IBM, Compaq display channel envy

The global trend of IT vendors going direct to customers was given even more currency last week. The revelation in the US that both IBM and Compaq are promoting direct relationships with selected end users provides further evidence of this threat to the channel.

IBM's Netfinity Direct program gives corporate accounts the option of buying and receiving delivery of its Netfinity line of servers direct from the company, instead of through its network of value-added resellers. Users still have the option of receiving delivery and support from their existing resellers, company officials said.

An IBM Australian spokesperson told ARN the announcement only relates to the US.

Santo Pappalardo, managing director of IBM business partner IT Wholesale, said the existing strategy of using resellers and distributors has been refined over the last couple of years and seems to be working well. "There are two types of markets - direct and the normal channel. IBM can't have its cake and eat it too," he said.

As for Compaq, it is reported to be moving in for the kill against its direct competitors by specifically targeting major Dell accounts in the US and offering a more direct relationship to those customers.

Still wary of calling the approach "direct", Compaq will be pursuing approximately 300 major accounts, most of which are largely owned by Dell, and giving those customers a choice of relationship, according to sources.

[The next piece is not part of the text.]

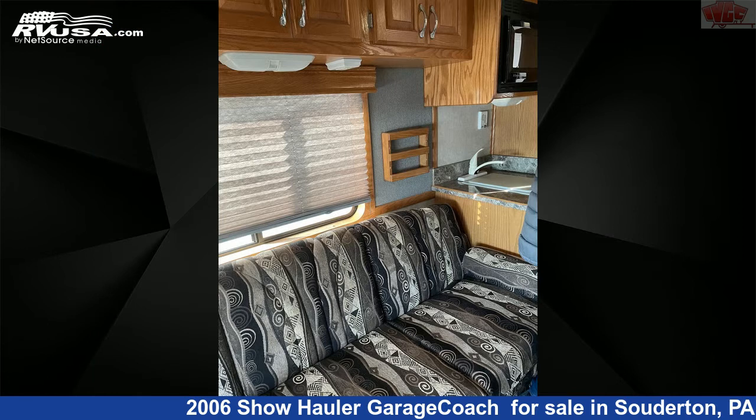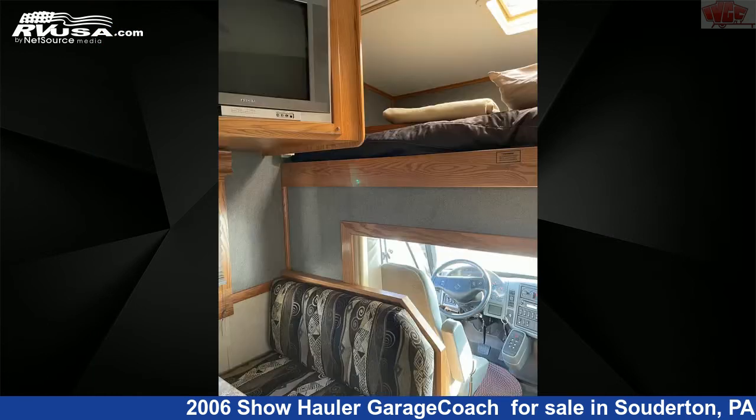This used Show Hauler is 38 feet 0 inches in length and is powered by an international engine.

With Compaq's acquisition of Digital and its expansive services and support business expected to become official on Thursday, the channel's dwindling role in the business of Compaq is becoming apparent. "Compaq has to make a move," said Tony Amico, channel analyst at International Data Corp in the US. "The direct players are capturing more of the market. This happens to be the next evolution in the model. If you don't sell your product in a way so that people want to buy it, then you are not going to sell your product."

Fiona Dicker, general manager of Compaq distributor Dicker Data, said it is a completely different situation in Australia and Compaq is certainly not doing it here. "Compaq has focused its attention on the SME market which it believes it can access best through the channel. We have dealers who gain business Compaq couldn't reach in the sort of program described in this report," she told ARN.